### [Task item]
Your answer must consist of exactly the lines below, starting with the line with "Zdjęcie 8 z" and going on through the line with "PINE HOLLOW EST. - Residential", and nothing else.

### [Recorded data]
------------------------------------
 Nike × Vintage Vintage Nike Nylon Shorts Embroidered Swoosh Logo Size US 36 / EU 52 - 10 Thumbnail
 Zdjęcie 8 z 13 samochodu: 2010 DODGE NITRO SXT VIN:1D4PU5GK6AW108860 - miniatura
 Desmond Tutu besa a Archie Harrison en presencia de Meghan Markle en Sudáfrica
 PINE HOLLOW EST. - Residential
------------------------------------
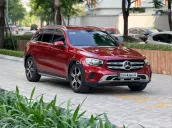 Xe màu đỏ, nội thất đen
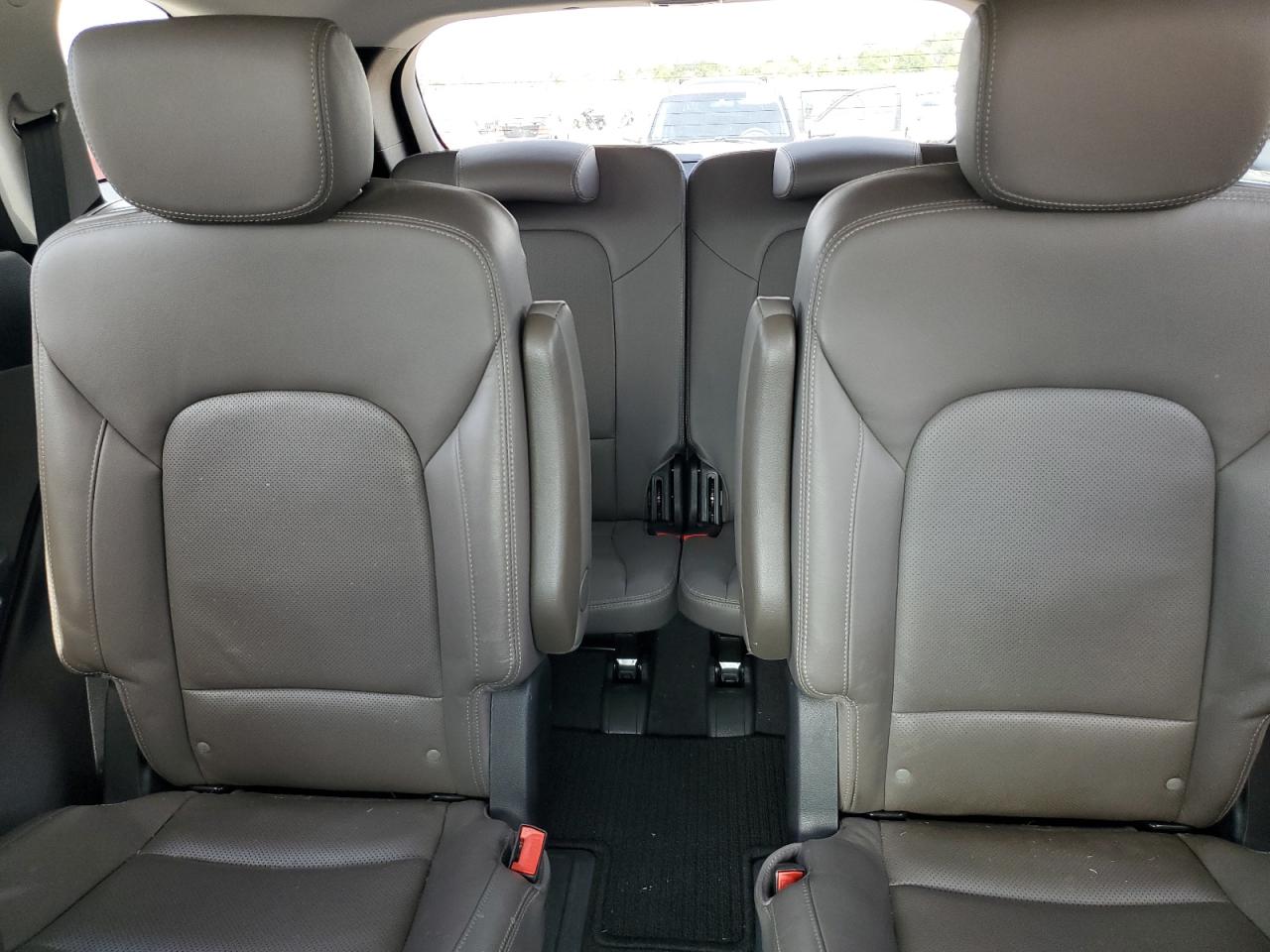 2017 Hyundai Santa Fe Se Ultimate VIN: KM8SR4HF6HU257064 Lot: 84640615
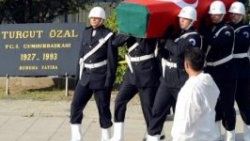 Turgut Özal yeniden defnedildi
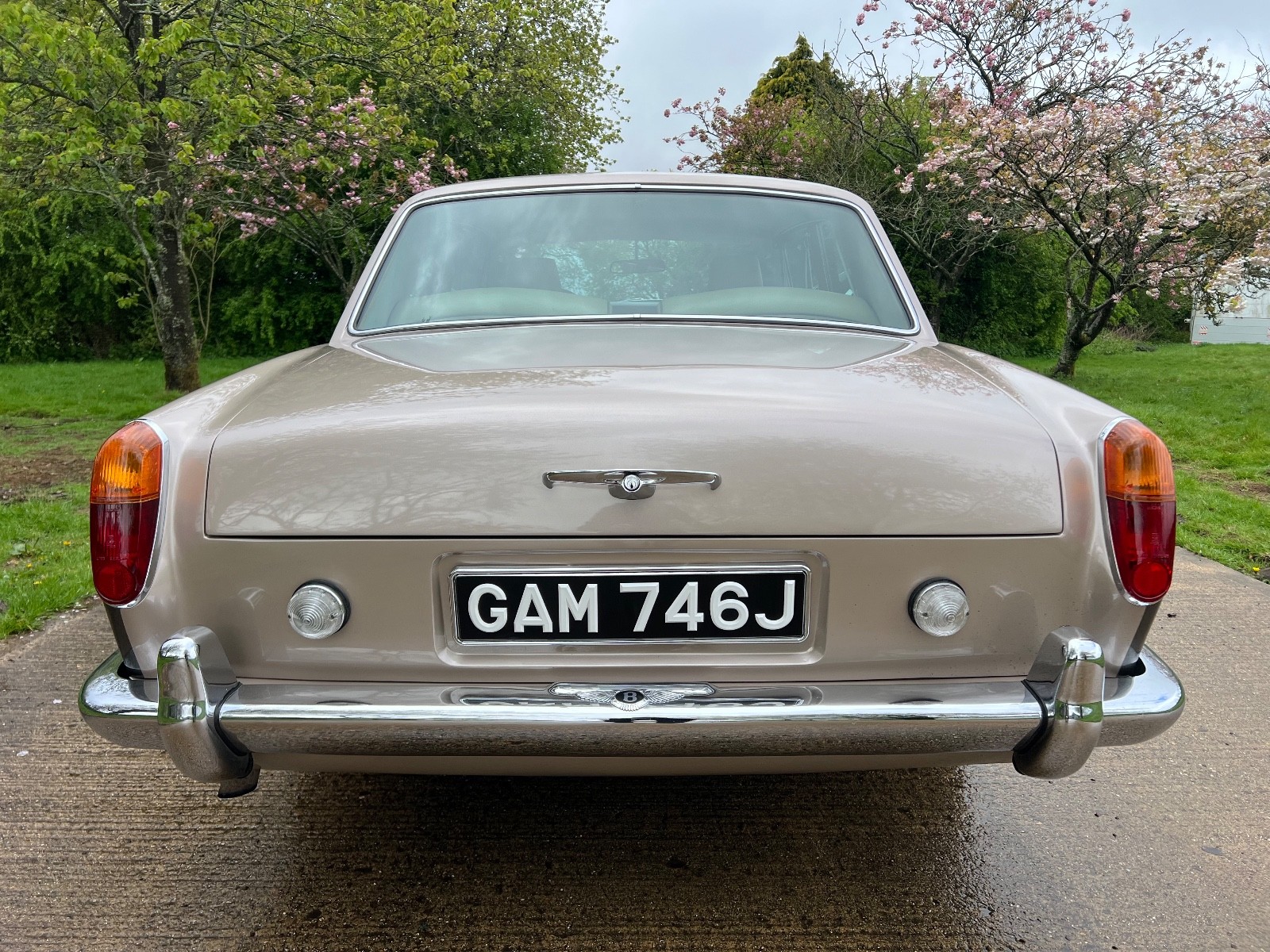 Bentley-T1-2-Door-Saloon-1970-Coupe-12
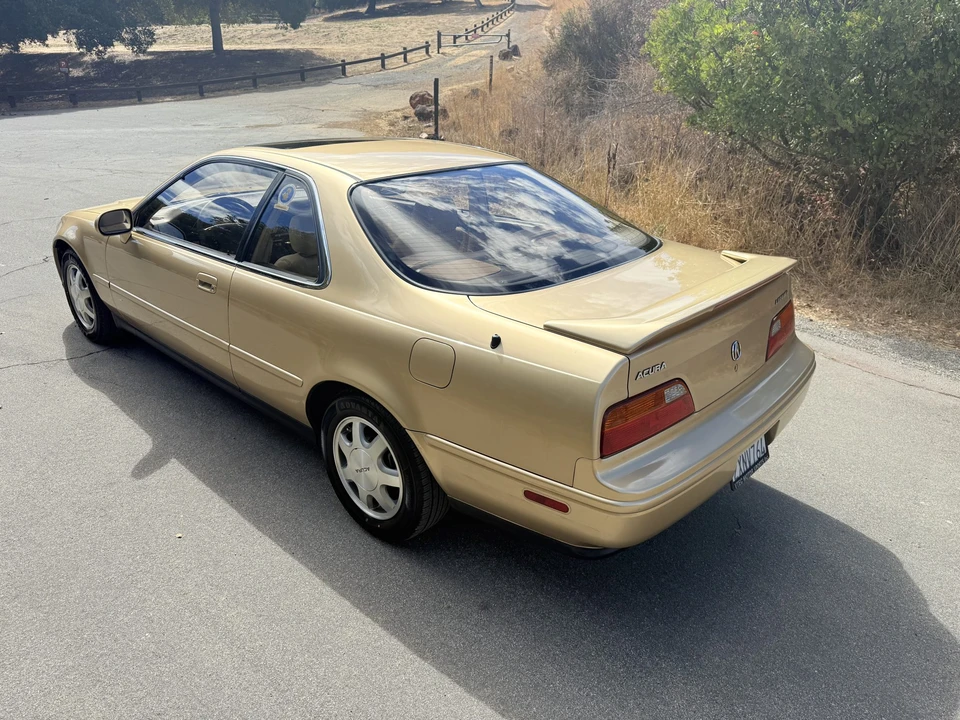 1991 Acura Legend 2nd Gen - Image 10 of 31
------------------------------------
### [Answer section]
 Zdjęcie 8 z 13 samochodu: 2010 DODGE NITRO SXT VIN:1D4PU5GK6AW108860 - miniatura
 Desmond Tutu besa a Archie Harrison en presencia de Meghan Markle en Sudáfrica
 PINE HOLLOW EST. - Residential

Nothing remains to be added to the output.